We Live In an Interdependent World
The four things that stand out for me in this very brief video on the complex subject of systems intelligence are:
- We are all participants in various webs of interdependence.
- We have to take a systems approach to understand how the most vexing problems come about before we can maximize non-obvious leverage points toward a solution.
- We have to find different vantage points from which to view issues that arise.
- It takes time to develop, adopt, and apply solutions which requires a healthy balance of short and long term gains.
The most poignant reflection for me is that at the center of all healthy systems are people who have a deep and persistent commitment to real learning. It may sound obvious, but it is actually a revolutionary view of systems intelligence because it suggests a learning orientation versus relying on the more traditional definitions of “smart.”
I have written extensively about self-awareness as the foundation for emotional intelligence recently. What Peter Senge’s work brought to light for me recently is that emotionally intelligent people are able to contribute collectively to a learning organization and therefore have the capacity to create intelligent systems.

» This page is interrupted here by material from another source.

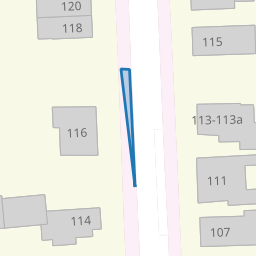 Perceel HKK02-D-1060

But how can I contribute to intelligent systems day to day, at home, work, and in my community? Peter Senge describes four disciplines:
Personal Mastery
Commit to learning mode. While competence, skills, and knowledge are all part of mastery, this practice is not about dominance but about growth. As Senge states,
“Organizations learn only through individuals who learn. Individual learning does not guarantee organizational learning. But without it no organizational learning occurs.”
Mental Models
This is the work of turning the mirror inward and flexing the self-awareness muscle. As Senge states,
“Moving the organization in the right direction entails working to transcend the sorts of internal politics and game playing that dominate traditional organizations. In other words it means fostering openness.”
Building a Shared Vision
This is something that is so commonly misunderstood as a shared vision can’t be dictated in an intelligent system. It has to be constructed in a way that galvanizes the system (organization, family, team) at all levels. As Senge states,
“The practice of shared vision involves the skills of unearthing shared ‘pictures of the future’ that foster genuine commitment and enrollment rather than compliance. In mastering this discipline, leaders learn the counter-productiveness of trying to dictate a vision, no matter how heartfelt.”
Team Learning
This is perhaps where the magic happens. When two or more people come together and have a persistent commitment to real learning, watch out! As Senge states,
“Dialogue is the capacity of members of a team to suspend assumptions and enter into a genuine ‘thinking together’. To the Greeks, dia-logos meant a free-flowing of meaning through a group, allowing the group to discover insights not attainable individually…. [It] also involves learning how to recognize the patterns of interaction in teams that undermine learning.”
Moving Forward
As I placed The Fifth Discipline in the box marked books, it seemed a dark place for a book that has been such a guiding light in my career. I taped the box closed and quietly vowed to give this book a new place on a higher shelf, when I unpack in the coming weeks. Moving stirs up everything. Today, I am grateful for the chaos, as it has led to a renewed deep and persistent commitment to real learning.
So it is a choice we make every day, with each new bend and curve. I leave you with the words of Albert Einstein as you decide how you will frame your contributions today,
“A hundred times a day I remind myself that my inner and outer life depend on the labors of others, living and dead, and that I must exert myself in order to give in the measure as I have received and am still receiving.”